Writing in the New Scientist, Carey W. King and Michael E. Webber of The University of Texas at Austin compare the amount of water used for petroleum refining vs. electricity generation. King and Webber found that electricity generation "consumed" or evaporated three times more water than gas production. During electricity generation. seventeen times more water is "withdrawn", used as coolant and returned to its source. "I wouldn't sound the alarm that this is going to ruin the day," says King, "But looking into the future, this is something we should take into account." King advises powerplants to switch to more expensive dry (forced air) cooling. Alternatively, "If we use only wind or solar energy, water use would be essentially zero." Where will we get the energy to build all those turbines and panels? Fossil fuels, of course.

Join the conversation
4 of 7 comments
  • NBK-Boston NBK-Boston on Mar 07, 2008

    Juniper: Texas should be covered with turbines and panels. Then we will really see how effective they are on a large scale. Actually, Texas now leads the nation in wind power facilities. They often give good service, but the intermittent nature of wind power poses challenges. Regarding the main post: Where will we get the energy to build all those turbines and panels? Fossil fuels, of course. While we can indeed assume that the energy needed to product the materials that go into a renewables plant comes largely for fossil sources, we are left with the following question: So what? The amount of power it takes to manufacture a turbine or solar array is a very small fraction of the amount it will eventually generate and feed back into the grid. You are spending a little fossil fuel now in order to avoid burning a whole lot more later. And you don't need more cooling water later. Over the long term, cooling water has not been a major issue for most power operators. The recent southern drought has been the exception to this, and raises legitimate questions about the planning that has gone into existing plants. If the recent drought is in any way tied to global warming, and if that is tied to fossil fuel usage, then the irony becomes acute: We are encountering difficulties generating the electricity we need to get away from gasoline, because of all the gasoline we've previously burned (and now will be forced to continue to burn). True, most electric power that we'd feed into electric vehicles comes from fossil fuel sources. But nuclear plants (no CO2) were also affected by the drought. In any event, most electrical generation and electric drive systems are more efficient than gasoline motors, so even if the electricity is eventually traced back to a powerplant smokestack, the CO2 per mile driven rate of emissions is generally lower.

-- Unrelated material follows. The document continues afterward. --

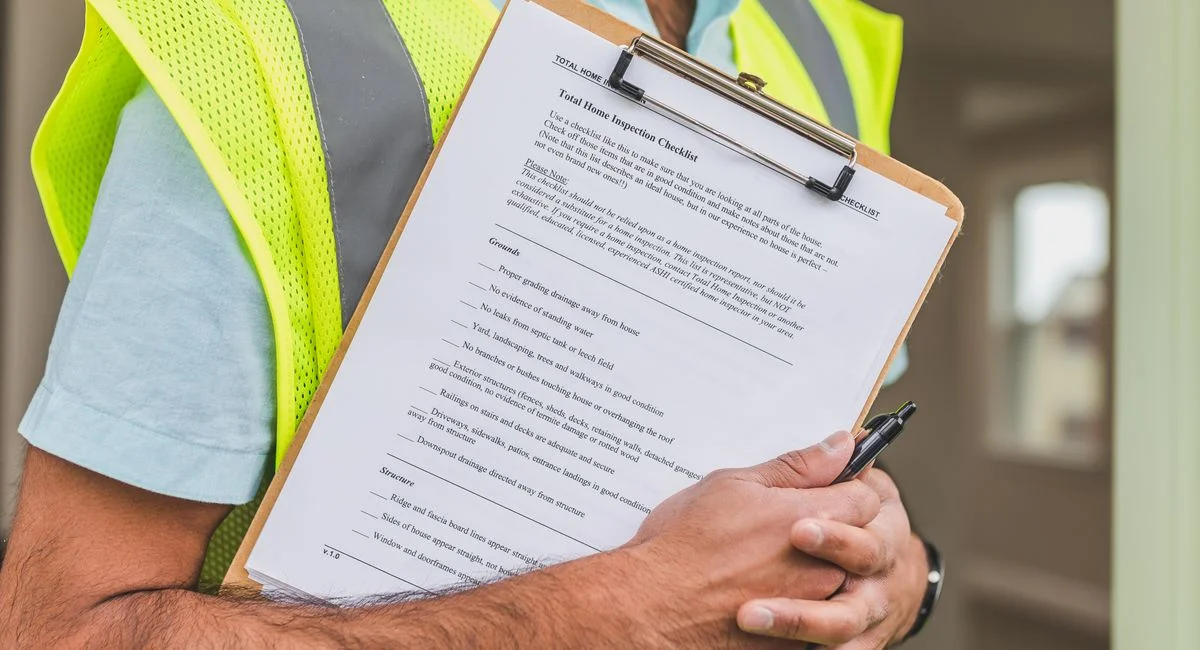 Close-up of home inspector holding a checklist on a clipboard with a pen.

  • Kevin Kevin on Mar 07, 2008

    I agree with Orian, pretty sure water is a renewable resource, what with all that evaporation and precipitation and whatnot. But in any case I already subscribe to 100% Wind Power here in TEXAS -- and not because I'm some pot-smoking hippie burnout but because it's 25% cheaper than what I was previously being charged for fossil electricity from the former monopoly fatcat. That's competition for you. No offense to pot-smoking hippie burnouts.

  • Landcrusher Landcrusher on Mar 07, 2008

    @Juniper, "Plus what do Texans know about water??" More than you, hero. The center of Texas covers a HUGE aquifer that has more than likely fed the fields that have grown some of the food you have been eating all your life. Our agriculture folks, many educated at Texas A&M (a top school in Ag in spite of all the jokes we tell about them) have been managing and protecting it for a long time. This study was published from UT which like many other top universities (top 10 I believe) in the country is full of liberal bias, and experts on everything. So we have a whole lot of people here who know a whole lot about water. If you thought all we know about here is oil and gas, you should get out more. What we do lag in expertise here is how to get the government to pay for all our failures. Maybe we should hire some more lobbyists and consultants for that.

  • EJ_San_Fran EJ_San_Fran on Mar 07, 2008
    Where will we get the energy to build all those turbines and panels? Fossil fuels, of course. Funny, but untrue. Much of the silicon used in the production of solar cells comes from hydropower. Also, the energy balance of solar and wind is strongly positive, i.e. they produce a lot more energy over their lifetime than is used for their production.